The detection of glaucomatous progression is complex and requires the assimilation of multiple data points to analyze structural changes at the level of the RNFL as well as visual field changes. Technology has evolved to assist clinicians in making decisions regarding the diagnosis and treatment of glaucoma. The GPA software that accompanies the Humphrey Field Analyzer (Carl Zeiss Meditec) is an example of a tool that has shown promise towards automating the detection of glaucomatous visual field progression [6]. With the advent of SOCT and high-resolution imaging of the RNFL, there is an opportunity to provide similar automated statistical analysis to help clinicians diagnose glaucoma and its progression over time. The above cases demonstrated erroneous data analyses due to the utilization of baseline scans from both the wrong eye of the wrong patient and the wrong eye of the correct patient.

It is unclear at this point exactly how these errors occurred.
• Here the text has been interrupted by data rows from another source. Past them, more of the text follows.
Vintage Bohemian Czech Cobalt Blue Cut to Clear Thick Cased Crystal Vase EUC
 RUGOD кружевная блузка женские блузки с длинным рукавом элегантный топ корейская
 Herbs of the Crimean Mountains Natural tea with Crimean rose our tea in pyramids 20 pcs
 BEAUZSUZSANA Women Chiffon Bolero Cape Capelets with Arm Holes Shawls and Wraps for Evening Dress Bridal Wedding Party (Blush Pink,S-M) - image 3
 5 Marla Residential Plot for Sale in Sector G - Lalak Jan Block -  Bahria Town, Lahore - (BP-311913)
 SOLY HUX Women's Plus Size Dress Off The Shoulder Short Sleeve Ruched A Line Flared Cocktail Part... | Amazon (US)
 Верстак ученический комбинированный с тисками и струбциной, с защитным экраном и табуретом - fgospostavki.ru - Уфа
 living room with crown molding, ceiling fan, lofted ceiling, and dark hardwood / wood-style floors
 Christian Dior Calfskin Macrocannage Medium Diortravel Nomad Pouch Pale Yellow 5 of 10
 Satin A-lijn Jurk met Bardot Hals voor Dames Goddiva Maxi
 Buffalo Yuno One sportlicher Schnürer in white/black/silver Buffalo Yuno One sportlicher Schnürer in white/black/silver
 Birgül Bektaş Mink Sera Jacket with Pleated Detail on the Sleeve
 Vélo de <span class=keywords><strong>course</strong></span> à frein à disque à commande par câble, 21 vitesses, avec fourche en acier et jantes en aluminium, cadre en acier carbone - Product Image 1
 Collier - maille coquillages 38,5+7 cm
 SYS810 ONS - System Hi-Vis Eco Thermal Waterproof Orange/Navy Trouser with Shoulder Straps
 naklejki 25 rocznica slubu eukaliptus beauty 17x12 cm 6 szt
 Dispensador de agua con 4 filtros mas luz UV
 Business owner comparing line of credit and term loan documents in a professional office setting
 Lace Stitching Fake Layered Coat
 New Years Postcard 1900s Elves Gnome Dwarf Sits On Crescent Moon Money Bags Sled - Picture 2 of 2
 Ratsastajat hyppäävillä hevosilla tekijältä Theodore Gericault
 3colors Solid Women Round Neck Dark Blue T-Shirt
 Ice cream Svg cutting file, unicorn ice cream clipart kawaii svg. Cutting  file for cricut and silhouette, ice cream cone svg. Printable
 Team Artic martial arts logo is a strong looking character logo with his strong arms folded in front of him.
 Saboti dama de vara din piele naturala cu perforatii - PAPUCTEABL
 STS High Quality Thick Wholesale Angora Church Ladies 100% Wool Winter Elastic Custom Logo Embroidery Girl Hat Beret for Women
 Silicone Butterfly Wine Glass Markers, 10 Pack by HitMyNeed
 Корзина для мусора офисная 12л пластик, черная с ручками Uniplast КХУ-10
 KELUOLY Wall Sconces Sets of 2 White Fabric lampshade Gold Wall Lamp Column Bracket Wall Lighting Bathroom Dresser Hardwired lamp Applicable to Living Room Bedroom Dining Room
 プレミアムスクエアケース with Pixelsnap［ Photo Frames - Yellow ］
These events were reported both to the manufacturer and to the Food and Drug Administration (FDA) Manufacturer and User Device Experience database. At this time, we are unaware of any similar incidents at other institutions.

Although an operator error certainly has to be considered, we were unable to purposely reproduce these anomalous analyses and could not come up with a plausible method for an operator to cause such issues. In both cases, the data erroneously included in the GPA analysis were identified retrospectively based on the time stamp and the RNFL thickness map. In both cases, the original scans were appropriately labeled as the correct eye and with the correct patient identifier. This suggests that an operator labeling error was not the cause of the erroneous inclusion in the GPA.

Carl Zeiss Meditec, after personal communication, also could not envision a scenario where an operator could have caused these errors, pointing instead to a likely software malfunction. Regardless of the cause, it is apparent that errors of this type may compromise patient care. In the cases presented herein, the utilization of incorrect baseline scans was easily detected because an alternate eye was displayed in the RNFL map. If a scan from a different patient but the correct eye were to be included, it would potentially be much more difficult to identify. If the errant scan is not detected and incorrect data points are used for GPA, the software may suggest progression (or not detect actual progression), as illustrated in Case 2 above.

We recommend that all clinicians utilizing GPA software be aware of these potential errors and confirm the appropriate baseline scans are chosen in each analysis. Both the RNFL thickness map and the RNFL thickness profile provide a visual representation of the raw data and can help the clinician identify inappropriately imported data.

Dr. Kennedy, Dr. SooHoo, and Dr. Kahook have no financial interests to disclose. Dr. Seibold reports grants from Alcon, nonfinancial support from Sensimed, and grants from Bausch and Lomb, all outside the submitted work.